Perplexity, one of the more prominent AI-driven alternatives, is under fire. It supposedly scraped articles from hundreds of other local and national news platforms—Wired included—without permission. The allegations arrive in the midst of a national conversation about the ethical implications of AI technologies. According to the complaint, Perplexity went further and blocked site no-crawl directives. In addition, it employed various stealth techniques to mask that its activities constituted scraping.
During an interview at the Disrupt 2024 conference, Perplexity’s CEO, Aravind Srinivas, struggled to articulate the company’s stance on plagiarism when questioned by TechCrunch’s Devin Coldewey. This lack of clarity has raised further concerns about the company’s practices and commitment to ethical standards in content usage.
Cloudflare, a web infrastructure and security company, has reported extensive activity from Perplexity across tens of thousands of domains and millions of requests daily. According to Cloudflare researchers, such crawlers from Perplexity regularly ignored blocks placed by websites. This implored behavior that turned into scraping activities that stomped on clearly stated web etiquette.
“In an attempt to circumvent the website’s preferences,” – Cloudflare’s researchers
Cloudflare’s subsequent analysis found that all of these searches were coming from Perplexity—using its stated user-agent. When its special-purpose crawler hit walls, it too turned to standard browsers that mimic Google Chrome on macOS. This approach should alarm anyone concerned with the company’s stewardship of ethical web scraping techniques.

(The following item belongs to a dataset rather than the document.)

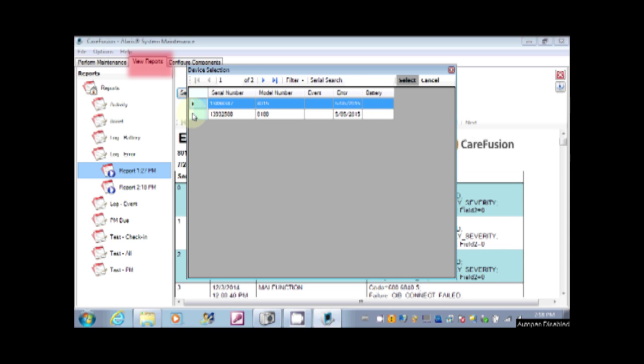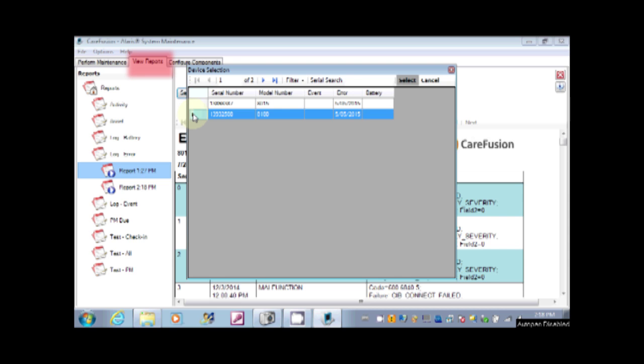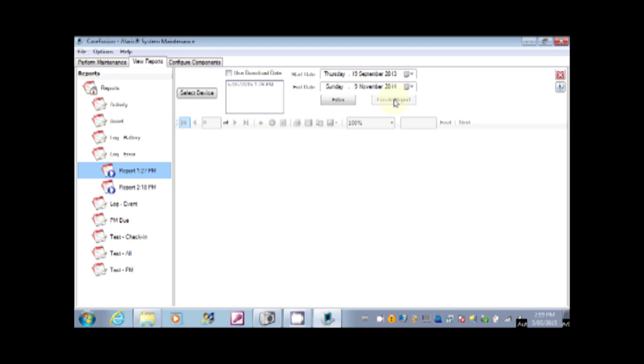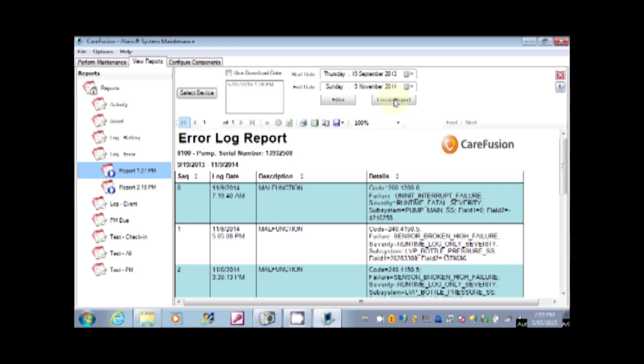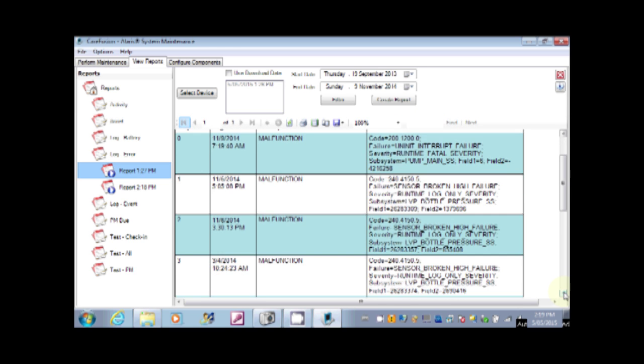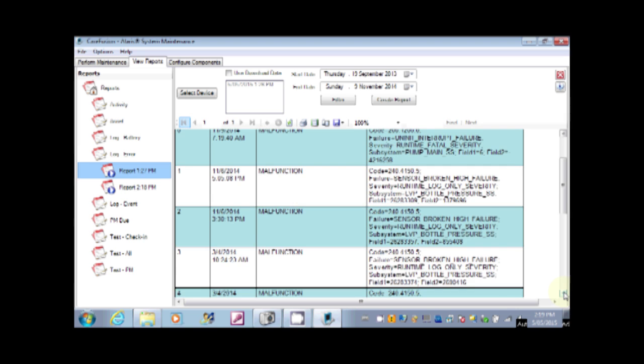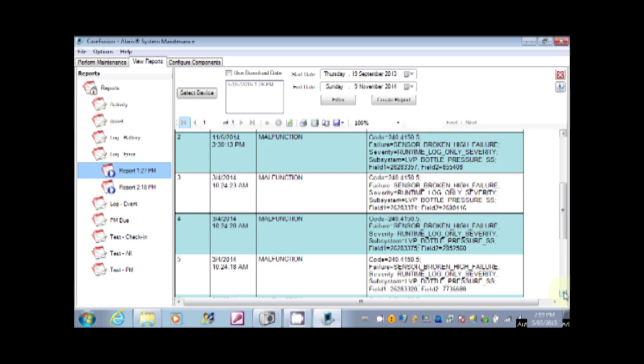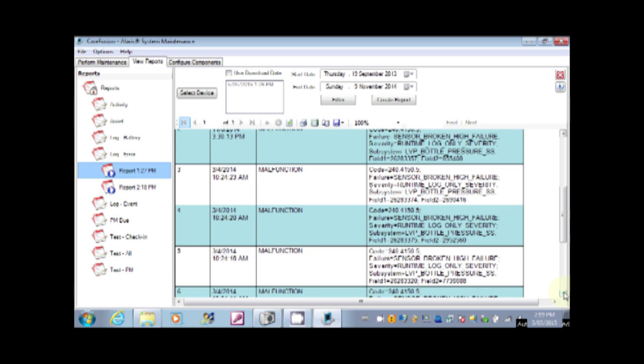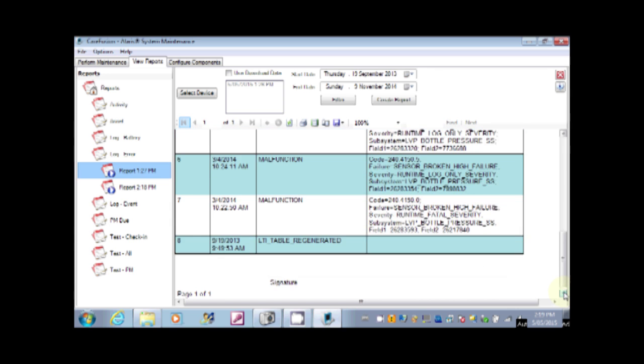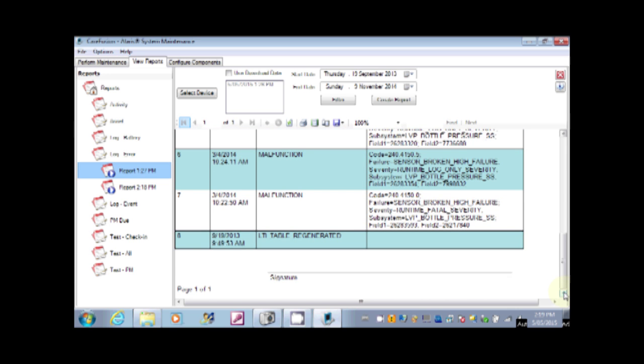You then go into the view reports tab. You select your device, either a brain or a pump. You then run the report. So it is kind of a two step process. You download the error log first, then you select the device and create the report. Once you have got the report there you can scroll through it and see the individual entries.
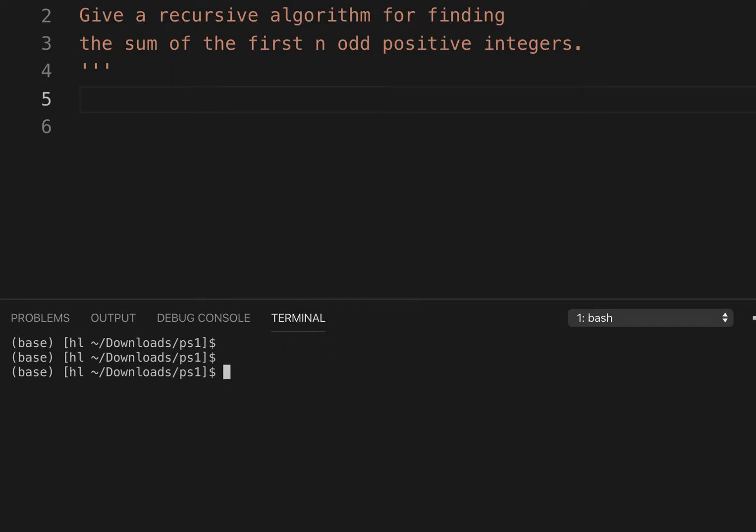Give a recursive algorithm for finding the sum of the first n odd positive integers. So the positions are 1, 2, 3, 4, 5, 6, etc.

“We observed that Perplexity uses not only their declared user-agent, but also a generic browser intended to impersonate Google Chrome on macOS when their declared crawler was blocked” – Cloudflare
The allegations don’t stop at unauthorized scraping. Additionally, as news outlets have taken the opportunity to accuse Perplexity of plagiarism, the platform’s public image has only become further muddied. Perplexity’s spokesperson, Jesse Dwyer, dismissed Cloudflare’s blog post as a “sales pitch,” arguing that the evidence presented did not substantiate claims of wrongdoing.
Perhaps most troublingly, Dwyer again insisted that the screenshots Cloudflare had posted in their damage report “clearly show that no content was ever reached.” According to Cloudflare’s own research, that was not the case — Perplexity’s actions were widespread and rampant.
“This activity was observed across tens of thousands of domains and millions of requests per day. We were able to fingerprint this crawler using a combination of machine learning and network signals.” – Cloudflare
In light of these changes, Cloudflare has begun implementing measures to fight against predatory scraping. The company released a free tool last year focused on helping webmasters find and fight AI bots. On top of that, Cloudflare announced a new publisher marketplace where publishers can literally sell access to their published content to AI scrapers.
Even with all the accumulating evidence and backlash, Dwyer has continued to insist that the bot described in Cloudflare’s blog post “isn’t even ours.” This denial hasn’t calmed fears about Perplexity’s practices. It poses frightening questions about content ownership in our ever-more automated digital ecosystem.
This very debate underscores the struggle between developing AI technology and protecting creators’ rights by preventing unethical use of their content. As businesses like Perplexity are exploring ways to mitigate these risks, they are coming under more and more pressure to embrace transparent and responsible practices.